In the original Bitx40 the frequency control was by means of a varactor tuned VFO which shortly was replaced by the Raduino. Essentially the varactor tuned VFO is a Colpitts Oscillator and in place of the tuning network the Raduino is installed. There are a couple of very Large caps -- 1000 PF in the Colpitts circuit that work OK at 5 MHz but when you place a 19 MHz signal in there -- closer to a short circuit! If you do the math assuming a 500 PF load at 5 MHz the load is 63 Ohms and at 19.2 MHz the load is 16 Ohms. So it must be a loading issue. (Two 1000 PF is series = 500 PF)
So my first thought was to bypass the Colpitts oscillator transistor and introduce the LO beyond that stage. Boom -- when you know stuff you can do stuff!
That did the trick and the above schematic shows the where to inject the signal. We now have a way to add LSB and USB to the Bitx40 while retaining the same BFO Crystal. Listen to the SolderSmoke Podcast #216 and you will hear me discuss how Ten Tec did a similar trick to use one BFO crystal.

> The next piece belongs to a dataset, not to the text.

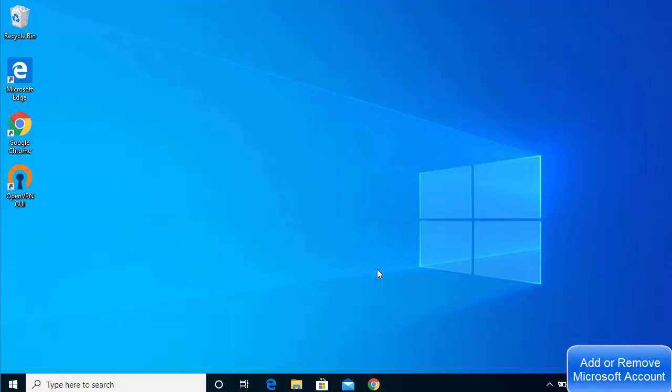In this video I'm going to show you how you can add or remove a Microsoft account to login to your Windows 10 operating system. Suppose you have installed your Windows operating system and at the time of installation you gave the local password. We'll see how we can add the Microsoft account to login and also how we can remove it.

There is a bonus here in that you even end up with two VFO's and the memory function holds.
So dig out that Bitx40 and put it on FT-8. If you email me at email@example.com, I will be happy to send you both sets of code.
Here is the 2nd Bitx40 on WSPR today:
Here is the 2nd Bitx40 on WSPR today:
Caveat Emptor -- there are three different BFO frequencies used with the Bitx40 so you might have to "diddle" a bit to, get yours to work. If you don't know how to do that --don't even start my modification!